In this research, we consider a single-manufacturer-single-retailer supply chain. When the manufacturer opens a new direct online channel, potential consumers can purchase products from either the conventional retail channel or the direct online channel. We first study consumer choice to formulate linear demand functions for both channels. When then examine of the impact on profits of the manufacturer, the retailer and the whole system from adding the direct online channel and market characteristics.

Specifically, our paper addresses the following questions:

1) How does consumer choice affect system performance?

2) Based on the aforementioned consumer choice, how does the addition of a direct online channel to the conventional channel affect profits of channel members and the system?

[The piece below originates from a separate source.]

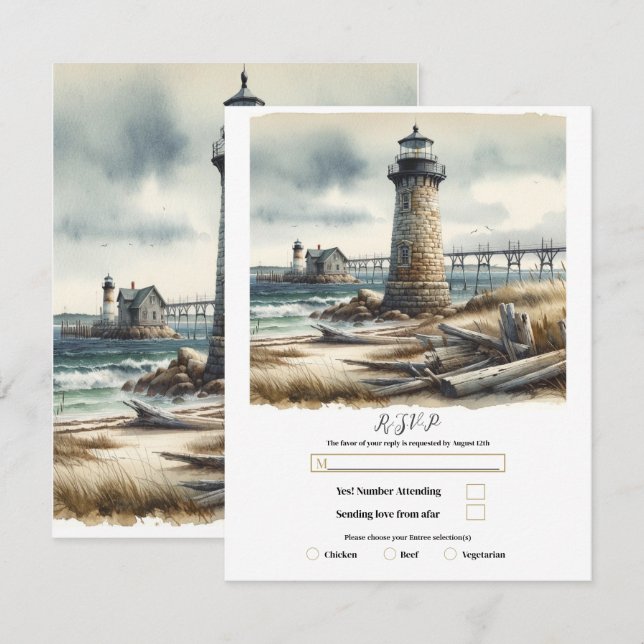Convites Farol Costa Rural Praia à Beira-Mar RSVP (Frente/Verso)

The rest of our paper proceeds as follows. Section 2 presents a brief review of related literature. Section 3 provides our model framework. Section 4 analyzes relative performance of the dual-channel’s members and the system, and characterizes the key results. Section 5 concludes the paper and provides some managerial implications.

2. Literature Review

A substantial mass of research literature has studied the positive effect of the manufacturer’s encroachment. Chiang [10] showed that direct marketing, on one hand, helps the manufacturer improve profit performance, and on the other hand, since it constrains the retailer’s pricing behavior, it may not be detrimental to the retailer. Cattani [11] [12] analyzed three different pricing strategies after the entry of the manufacturer’s online channel and the rising competition between the manufacturer and the retailer. They found that equal-pricing strategy not only optimizes the manufacturer’s profit, but also tends to be preferred by both the retailer and the consumers. Hendershott and Zhang [13] proposed a search model by assuming intermediaries and consumers are heterogeneous. They concluded that all consumers are better off from the upstream firm’s entry at the expense of intermediaries, while the net result is an increase in social welfare. Arya [14] proposed a Cournot model to capture the quantitative competition between the manufacturer and the retailer. Their results revealed that the manufacturer’s encroachment may benefit the retailer even when encroachment offers no synergies and does not facilitate product differentiation or price discrimination. Dumrongsiri [15] studied a dual-channel supply chain considering channel demand based on price and service quality. They argued that the addition of a direct channel will increase overall profit. The negative side of the entry of the direct channel has also been investigated by other researchers (Bernstein [16] ; Ofek [17] ).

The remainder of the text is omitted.